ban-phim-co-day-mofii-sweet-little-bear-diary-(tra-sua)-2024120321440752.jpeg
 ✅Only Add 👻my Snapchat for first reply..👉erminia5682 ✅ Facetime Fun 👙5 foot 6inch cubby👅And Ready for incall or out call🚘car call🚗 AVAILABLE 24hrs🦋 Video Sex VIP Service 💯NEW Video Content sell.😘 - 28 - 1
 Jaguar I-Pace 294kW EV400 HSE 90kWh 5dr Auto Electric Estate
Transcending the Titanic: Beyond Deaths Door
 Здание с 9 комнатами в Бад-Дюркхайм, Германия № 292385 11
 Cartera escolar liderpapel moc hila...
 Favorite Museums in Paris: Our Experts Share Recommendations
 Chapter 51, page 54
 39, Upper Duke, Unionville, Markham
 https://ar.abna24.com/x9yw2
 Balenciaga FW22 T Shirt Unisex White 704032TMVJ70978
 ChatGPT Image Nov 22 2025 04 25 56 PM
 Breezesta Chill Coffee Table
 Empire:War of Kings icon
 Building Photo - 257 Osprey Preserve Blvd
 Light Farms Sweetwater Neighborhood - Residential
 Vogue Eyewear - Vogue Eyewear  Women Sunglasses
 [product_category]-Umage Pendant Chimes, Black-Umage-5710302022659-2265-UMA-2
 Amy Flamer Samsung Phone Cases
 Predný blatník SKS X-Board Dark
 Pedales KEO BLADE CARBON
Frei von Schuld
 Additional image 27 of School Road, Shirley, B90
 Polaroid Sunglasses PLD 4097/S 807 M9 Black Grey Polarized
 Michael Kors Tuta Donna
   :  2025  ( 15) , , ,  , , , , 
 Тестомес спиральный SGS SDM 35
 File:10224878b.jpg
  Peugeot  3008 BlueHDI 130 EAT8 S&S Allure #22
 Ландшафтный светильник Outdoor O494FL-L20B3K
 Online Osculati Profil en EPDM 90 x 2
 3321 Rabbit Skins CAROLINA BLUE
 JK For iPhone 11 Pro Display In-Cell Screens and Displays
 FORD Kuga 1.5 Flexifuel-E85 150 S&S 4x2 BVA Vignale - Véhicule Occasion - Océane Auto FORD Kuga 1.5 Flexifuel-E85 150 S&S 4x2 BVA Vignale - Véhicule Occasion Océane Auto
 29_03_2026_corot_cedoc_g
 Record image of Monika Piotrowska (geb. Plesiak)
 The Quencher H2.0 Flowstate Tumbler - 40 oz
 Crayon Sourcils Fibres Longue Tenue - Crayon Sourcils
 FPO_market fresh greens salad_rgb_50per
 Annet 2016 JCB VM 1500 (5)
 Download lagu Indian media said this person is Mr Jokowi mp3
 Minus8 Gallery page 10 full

_Your assignment_
Every record above should be copied exactly.

_Completed task_
ban-phim-co-day-mofii-sweet-little-bear-diary-(tra-sua)-2024120321440752.jpeg
 ✅Only Add 👻my Snapchat for first reply..👉erminia5682 ✅ Facetime Fun 👙5 foot 6inch cubby👅And Ready for incall or out call🚘car call🚗 AVAILABLE 24hrs🦋 Video Sex VIP Service 💯NEW Video Content sell.😘 - 28 - 1
 Jaguar I-Pace 294kW EV400 HSE 90kWh 5dr Auto Electric Estate
Transcending the Titanic: Beyond Deaths Door
 Здание с 9 комнатами в Бад-Дюркхайм, Германия № 292385 11
 Cartera escolar liderpapel moc hila...
 Favorite Museums in Paris: Our Experts Share Recommendations
 Chapter 51, page 54
 39, Upper Duke, Unionville, Markham
 https://ar.abna24.com/x9yw2
 Balenciaga FW22 T Shirt Unisex White 704032TMVJ70978
 ChatGPT Image Nov 22 2025 04 25 56 PM
 Breezesta Chill Coffee Table
 Empire:War of Kings icon
 Building Photo - 257 Osprey Preserve Blvd
 Light Farms Sweetwater Neighborhood - Residential
 Vogue Eyewear - Vogue Eyewear  Women Sunglasses
 [product_category]-Umage Pendant Chimes, Black-Umage-5710302022659-2265-UMA-2
 Amy Flamer Samsung Phone Cases
 Predný blatník SKS X-Board Dark
 Pedales KEO BLADE CARBON
Frei von Schuld
 Additional image 27 of School Road, Shirley, B90
 Polaroid Sunglasses PLD 4097/S 807 M9 Black Grey Polarized
 Michael Kors Tuta Donna
   :  2025  ( 15) , , ,  , , , , 
 Тестомес спиральный SGS SDM 35
 File:10224878b.jpg
  Peugeot  3008 BlueHDI 130 EAT8 S&S Allure #22
 Ландшафтный светильник Outdoor O494FL-L20B3K
 Online Osculati Profil en EPDM 90 x 2
 3321 Rabbit Skins CAROLINA BLUE
 JK For iPhone 11 Pro Display In-Cell Screens and Displays
 FORD Kuga 1.5 Flexifuel-E85 150 S&S 4x2 BVA Vignale - Véhicule Occasion - Océane Auto FORD Kuga 1.5 Flexifuel-E85 150 S&S 4x2 BVA Vignale - Véhicule Occasion Océane Auto
 29_03_2026_corot_cedoc_g
 Record image of Monika Piotrowska (geb. Plesiak)
 The Quencher H2.0 Flowstate Tumbler - 40 oz
 Crayon Sourcils Fibres Longue Tenue - Crayon Sourcils
 FPO_market fresh greens salad_rgb_50per
 Annet 2016 JCB VM 1500 (5)
 Download lagu Indian media said this person is Mr Jokowi mp3
 Minus8 Gallery page 10 full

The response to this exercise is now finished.